At the start of Trump’s presidency, Kushner’s portfolio was infinite. Aside from handling the Middle East, he launched a technological innovation initiative and another which concerned the prison system, and oversaw the relationship with Mexico. One year later, Kushner remains officially involved in those assignments, but his power, which appeared to be vast, has been narrowed down.

This is primarily due to the June 2917 appointment of John Kelly as Trump’s chief of staff, an appointment which raised barriers around the president. Secondly, Kushner’s reduced influence is due to the withdrawal of Kushner’s maximum security clearance last February as a result of numerous mistakes in the information supplied to the FBI about his financial and international contacts. According to expert Edwards, it is telling that Trump has done nothing to try to recover that protection for his son-in-law, which could prove that he has distanced himself from him.**

Up until that moment, Kushner’s undisclosed meetings with Russian characters during the election campaign had earned him an investigation by Robert Mueller, the special counsel analyzing Moscow’s interference in the presidential election. However, with the loss of his security clearance, he has been sidelined. He no longer has access to the daily briefing in which the president is informed of the world’s major security risks. Concurrently, information has surfaced about efforts by foreign countries to try to manipulate Kushner through his family’s real estate network.
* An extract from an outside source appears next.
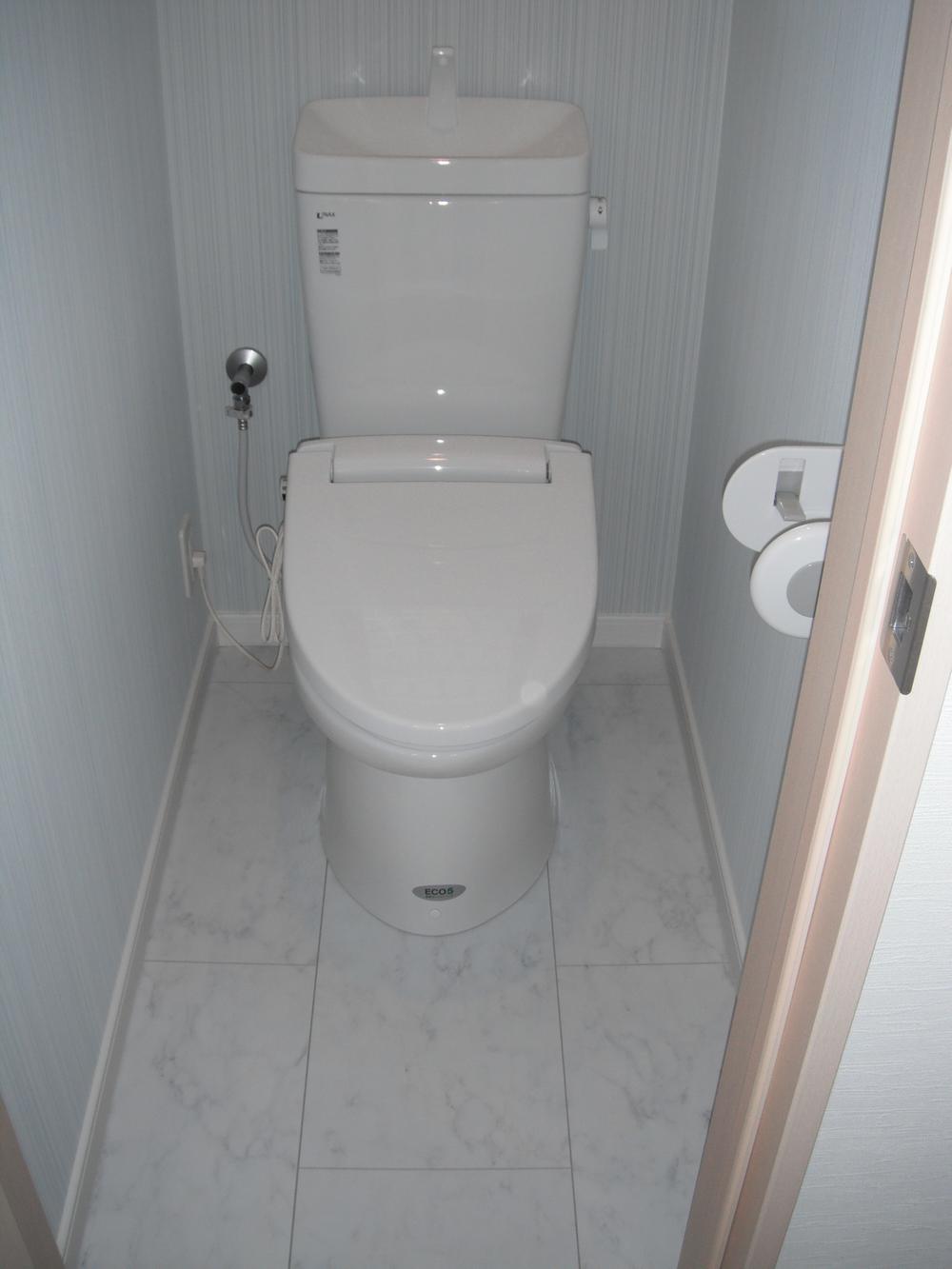 Other Equipment. Toilet same specifications Photos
Ivanka Trump does not have as many problems as her husband, but she is not trouble free. The FBI’s investigation of Michael Cohen, her father’s shady personal lawyer, threatens to rub off on her, because the attorney helped the family seal trade agreements overseas. As Trump’s adviser, Ivanka has mainly focused on issues related to the empowerment of women. She has achieved milestones, such as the creation of an international fund sponsored by the World Bank.

But that feminist struggle has also been eclipsed by her father’s controversies. Trump has openly endorsed people accused of sexual harassment or abusing women, and his lawyer Cohen paid $130,000 in 2016 to porn actress Stormy Daniels so that she would refrain from talking publicly about an alleged sexual affair with the president in 2006.
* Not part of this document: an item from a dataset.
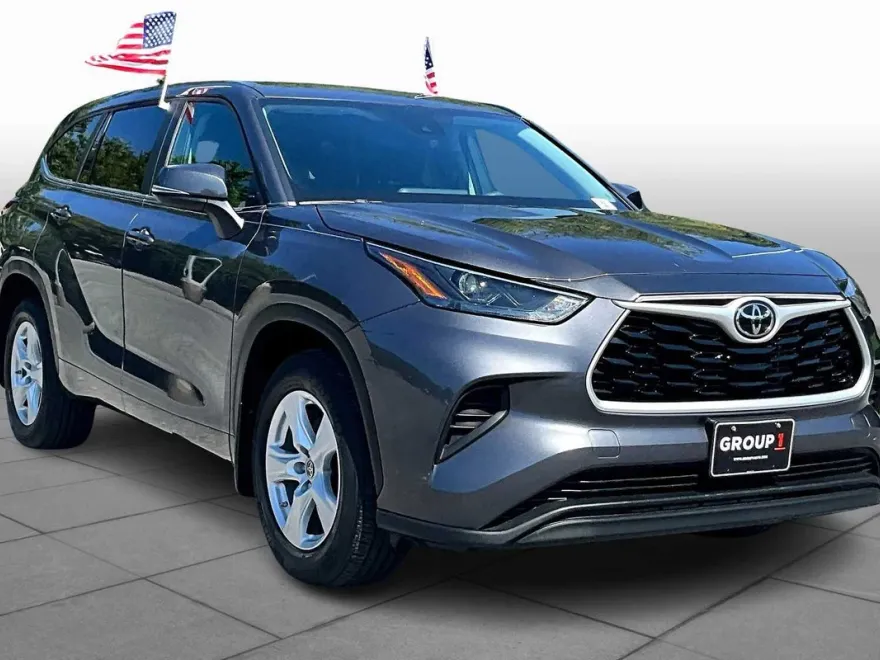 2023 Toyota Highlander L photo 1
Moreover, Ivanka and Jared are increasingly alone in the White House. Their influence as moderating voices started to fall apart when they failed to persuade Trump to remain in the Paris climate agreement, from which he withdrew the U.S. in June 2016. They did manage to dispose of Steve Bannon, the leader’s chief strategist, and an emblem of the radical right. However, little by little, almost all of their allies in the West Wing are gone, such as Gary Cohn, economic adviser, giving way to additional disruptive voices more in line with Trump’s instincts.

During his first weeks in office, Edwards says, the president was “very naive” about how the government worked and “didn’t know who to trust,” which is why he chose his daughter and son-in-law as his advisers, in turn, newcomers to politics. But harsh reality has gradually prevailed. Presidential experts “wouldn’t be surprised” if, after the November general election, Ivanka and Jared stopped working at the White House and settled for an amicable departure.* For the time being, however, there are reports that say the couple is searching for a new house to move to in Washington.

*Editor’s note: This quote, accurately translated from the original, could not be verified.

** Editor’s note: Jared Kushner’s permanent security clearance was restored on May 23, 2018.